What is Spark? Let’s take a look under the hood
In my previous post, we introduced a problem: copious, never ending streams of data, and it’s solution: Apache Spark. Here in Part II, we’ll focus on Spark’s internal architecture and data structures.
In pioneer days they used oxen for heavy pulling, and when one ox couldn’t budge a log, they didn’t try to grow a larger ox. We shouldn’t be trying for bigger computers, but for more systems of computers — Grace Hopper
With the scale of data growing at a rapid and ominous pace, we needed a way to process potential petabytes of data quickly, and we simply couldn’t make a single computer process that amount of data at a reasonable pace. This problem is solved by creating a cluster of machines to perform the work for you, but how do those machines work together to solve the common problem?
Meet Spark
Photo by Jez Timms on Unsplash
Spark is the cluster computing framework for large-scale data processing. Spark offers a set of libraries in 3 languages (Java, Scala, Python) for its unified computing engine. What does this definition actually mean?
Unified
: With Spark, there is no need to piece together an application out of multiple APIs or systems. Spark provides you with enough built-in APIs to get the job done
Computing Engine:
Spark handles loading data from various file systems and runs computations on it, but does not store any data itself permanently. Spark operates entirely in memory — allowing unparalleled performance and speed
Libraries:
Spark is comprised of a series of libraries built for data science tasks. Spark includes libraries for SQL (SparkSQL), Machine Learning (MLlib), Stream Processing (Spark Streaming and Structured Streaming), and Graph Analytics (GraphX)
The Spark Application
Every Spark Application consists of a Driver and a set of distributed worker processes (Executors).
Spark Driver
The Driver runs the main() method of our application and is where the SparkContext is created. The Spark Driver has the following duties:
- Runs on a node in our cluster, or on a client, and schedules the job execution with a cluster manager
- Responds to user’s program or input
- Analyzes, schedules, and distributes work across the exectors
- Stores metadata about the running application and conveniently exposes it in a webUI
Spark Executors
An executor is a distributed process responsible for the execution of tasks. Each Spark Application has its own set of executors, which stay alive for the life cycle of a single Spark application.

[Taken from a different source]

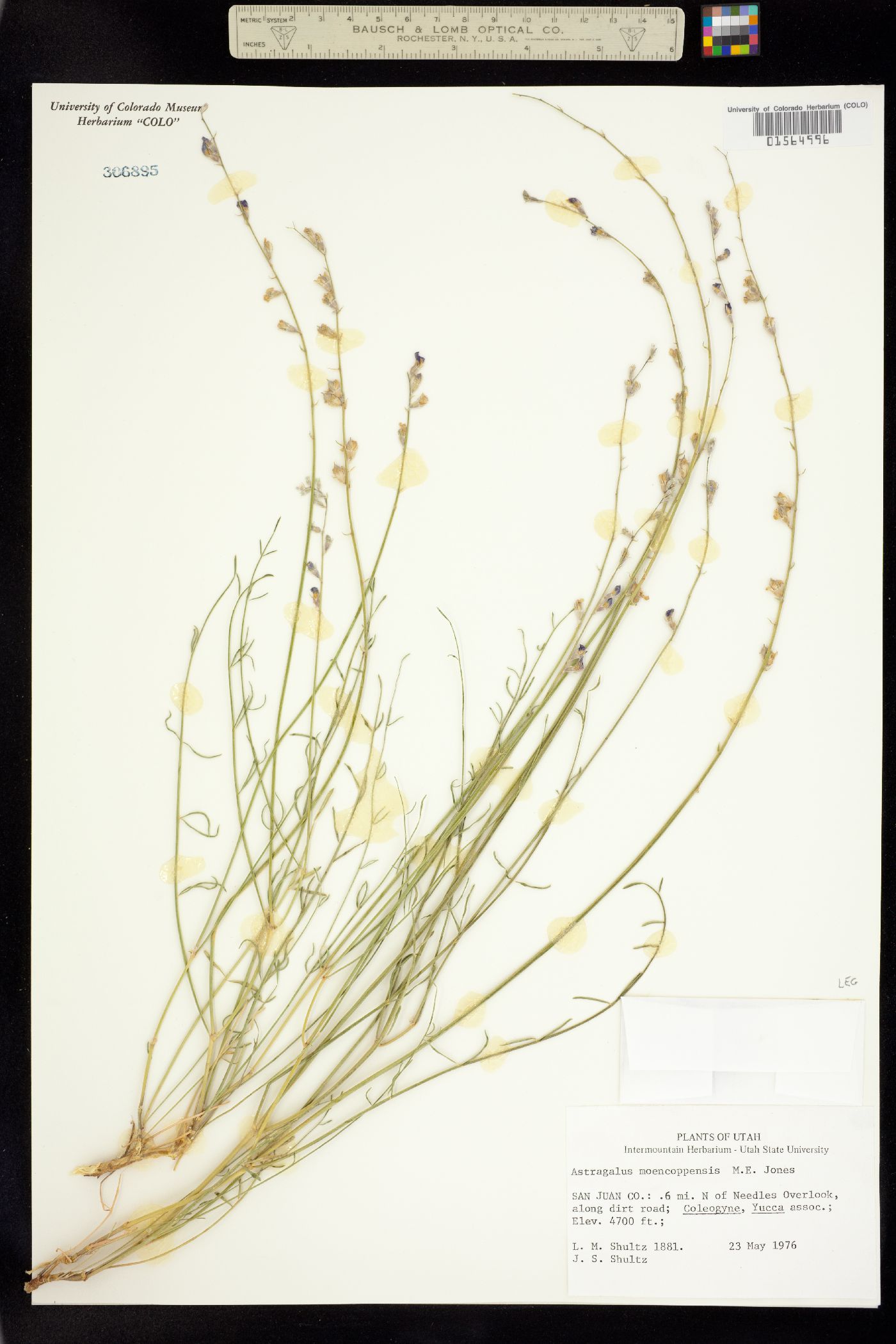 Astragalus moencoppensis image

- Executors perform all data processing of a Spark job
- Stores results in memory, only persisting to disk when specifically instructed by the driver program
- Returns results to the driver once they have been completed
- Each node can have anywhere from 1 executor per node to 1 executor per core
Spark’s Application Workflow
When you submit a job to Spark for processing, there is a lot that goes on behind the scenes.
- Our Standalone Application is kicked off, and initializes its SparkContext. Only after having a SparkContext can an app be referred to as a Driver
- Our Driver program asks the Cluster Manager for resources to launch its executors
- The Cluster Manager launches the executors
- Our Driver runs our actual Spark code
- Executors run tasks and send their results back to the driver
- SparkContext is stopped and all executors are shut down, returning resources back to the cluster
MaxTemperature, Revisited
Lets take a deeper look at the Spark Job we wrote in Part I to find max temperature by country. This abstraction hid a lot of set-up code, including the initialization of our SparkContext, lets fill in the gaps:
MaxTemperature Spark Setup
Remember that Spark is a framework, in this case, implemented in Java. It isn’t until line 16 that Spark needs to do any work at all. Sure, we initialized our SparkContext, however, loading data into an RDD is the first bit of code that requires work be sent to our executors.

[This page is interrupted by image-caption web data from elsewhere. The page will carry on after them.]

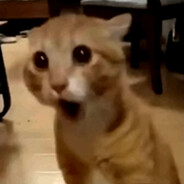 NyangCat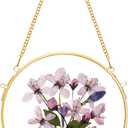 REDHUGO Glass Frame for Pressed Flowers Handmade, Wall Hanging Brass Floating Frame, Double Glass Round Picture, Glass Frame for Dried Flowers Poster Home Wall Decor, Circle, Gold  Gold, 6.3"L x 6.3"W (FRAME ONLY)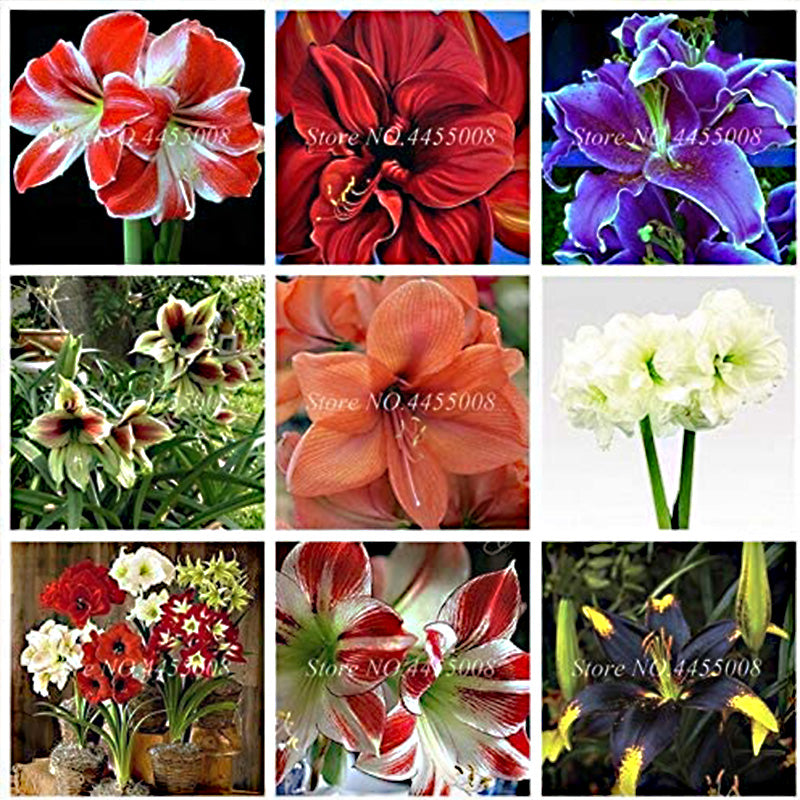 Amarilis de belleza rayada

By now you may have seen the term “RDD” appear multiple times, it’s about time we define it.
Spark Architecture Overview
Spark has a well-defined layered architecture with loosely coupled components based on two primary abstractions:
- Resilient Distributed Datasets (RDDs)
- Directed Acyclic Graph (DAG)
Resilient Distributed Datasets
RDDs are essentially the building blocks of Spark: everything is comprised of them. Even Sparks higher-level APIs (DataFrames, Datasets) are composed of RDDs under the hood. What does it mean to be a Resilient Distributed Dataset?
Resilient:
Since Spark runs on a cluster of machines, data-loss from hardware failure is a very real concern, so RDDs are fault tolerant and can rebuild themselves in the event of failureDistributed:
A single RDD is stored on a series of different nodes in the cluster, belonging to no single source (and no single point of failure). This way our cluster can operate on our RDD in parallelDataset:
A collection of values — this one you should probably have known already
All data we work within Spark will be stored inside some form of RDD — it is, therefore, imperative to fully understand them.
Spark offers a slew of “Higher Level” APIs built on top of RDDs designed to abstract away complexity, namely the DataFrame and Dataset. With a strong focus on Read-Evaluate-Print-Loops (REPLs), Spark-Submit and the Spark-Shell in Scala and Python are targeted toward Data Scientists, who often desire repeat analysis on a dataset. The RDD is still imperative to understand, as it’s the underlying structure of all data in Spark.
An RDD is colloquially equivalent to: “Distributed Data Structure”. A JavaRDD<String>
is essentially just a List<String>
dispersed amongst each node in our cluster, with each node getting several different chunks of our List. With Spark, we need to think in a distributed context, always.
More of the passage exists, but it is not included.